If we start applying sexual politics to ballet, we might not be left with much to enjoy
“The misogyny here is beyond textbook,” Claudia La Rocco claimed earlier this month in the New York Times about John Neumeier’s 1978 Lady of the Camellias, then being performed by American Ballet Theatre during its current season at the Metropolitan Opera. La Rocco echoed sentiments expressed by Alastair Macaulay in the Times a year ago about the same ballet when ABT first took it into its repertory. Both critics’ objections inevitably refer back to larger questions of whether the art form of ballet is innately discriminatory and archaic, and by extension beyond redemption or relevance. But specifically applied to this particular ballet as well as to the larger assumptions on which ballet is based, their arguments raised more questions than they answered.
La Rocco didn’t like the way that in Neumeier’s ballet, the 19th-century courtesan heroine Marguerite Gauthier imagines a parallel between her fate—renouncing her bourgeois lover on his father’s insistence and dying young of tuberculosis—and that of 18th-century fictional heroine Manon Lescaut, whose rise and fall via sexual commodification Marguerite sees performed in a theatrical entertainment. But the idea that Neumeier’s inclusion of these two “kept women” in his ballet indicates misogyny on his or the ballet’s part is quite a stretch. La Rocco’s remarks seemed to me an example of the common extrapolative and evaluative fallacy whereby any artistic representation that does not show women—or members of other “minority” or oppressed groups—in a state of victoriously self-actualized agency is automatically an endorsement of repressive societal structures to which women are or have been subjected.
Lady of the Camellias is based on an 1848 novel by Alexandre Dumas fils that he later dramatized (and is the basis of Verdi’s opera La Traviata), which conformed to the perhaps overriding subject of 19th-century Western literature: Women’s attempt to cope, accommodate and rebel against a rigid official morality that divided them into good or bad. Fictional and theatrical representations often found these women destroyed by their attempts to defy convention. But authors, no more than choreographer Neumeier himself, were certainly not necessarily saying that the way it often was is the way it should be or must be.

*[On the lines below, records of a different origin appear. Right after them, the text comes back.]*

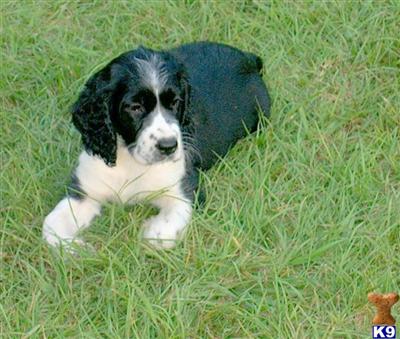 English Springer Spaniel Puppies for Sale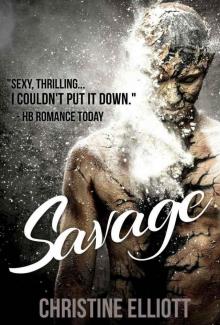 Savage: a Fighter Erotic Romance Novella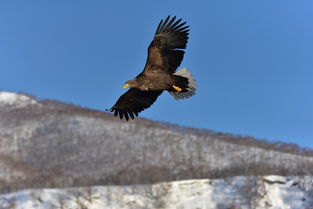 复仇狗联盟超清：雪犬、哈士奇、贵宾联手，打造全新超清复仇之路！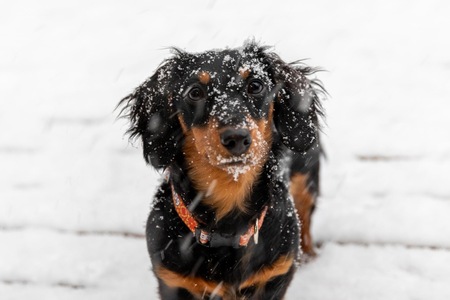 Bailey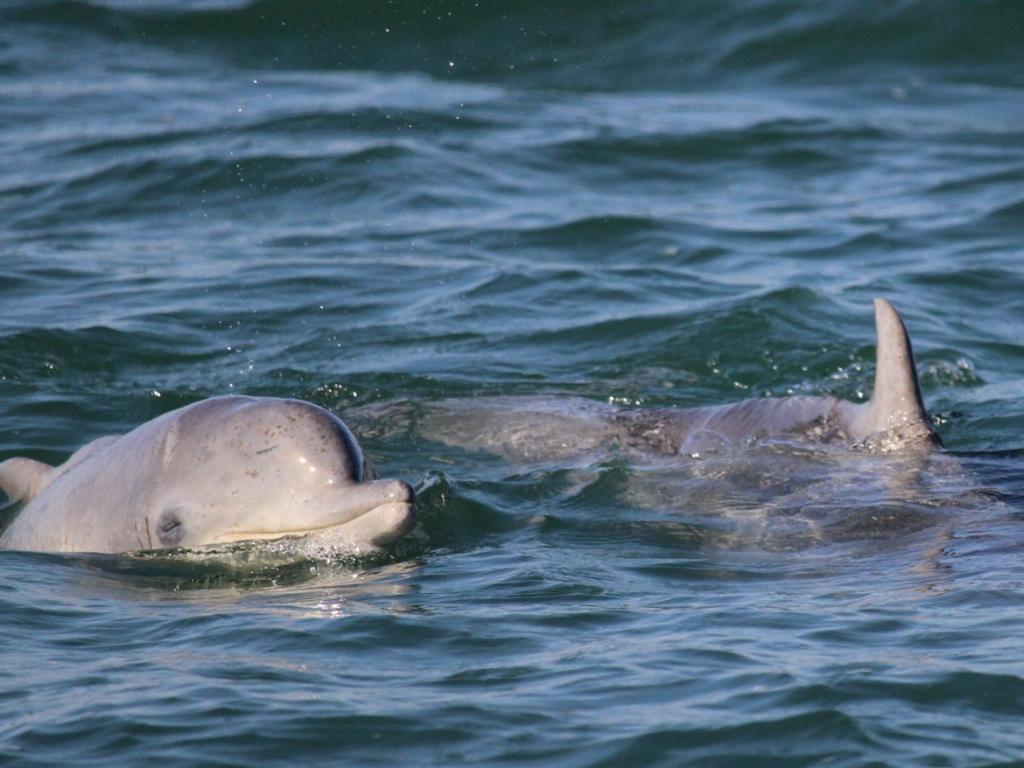 Humpback dolphins swimming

Both Times writers objected to the profusion of very complicated lifts in Neumier’s Camellias. Macaulay suggested that the act of balletic lifting was innately reactionary because it reinforces traditional sex-differentiation, meaning the woman’s lightness and the man’s strength. Here I had a mixed response. Yes, Neumeier’s lifts are very convoluted and look precarious, perhaps gratuitously so, although they are undoubtedly spectacular flights of kinetic rhetoric (very well performed by Julie Kent and Roberto Bolle at the Camellias I saw last week). Yes, it might be nice to see less emphasis on lifts in contemporary ballet, where they actually tend to be more violently disjointed than anything in Neumeier’s ballet. Maybe women then wouldn’t have to be so thin and men’s backs and knees wouldn’t get blown out so quickly. But there is too much interdependency in the act of ballet lifting to support a clear-cut reading of its semiotics or sexual politics. The woman actually supplies as much aerobic heft as the man. Indeed, there are many ways that ballet celebrates a reciprocal exchange of attributes between the sexes. In ballet, both men and women often magnetize toward an ambiguous space at the center of the continuum. For ballet to work, a man’s manner must be to some degree soft and graceful, while women must utilize and, again to some degree, overtly exhibit core strength and muscular capacity.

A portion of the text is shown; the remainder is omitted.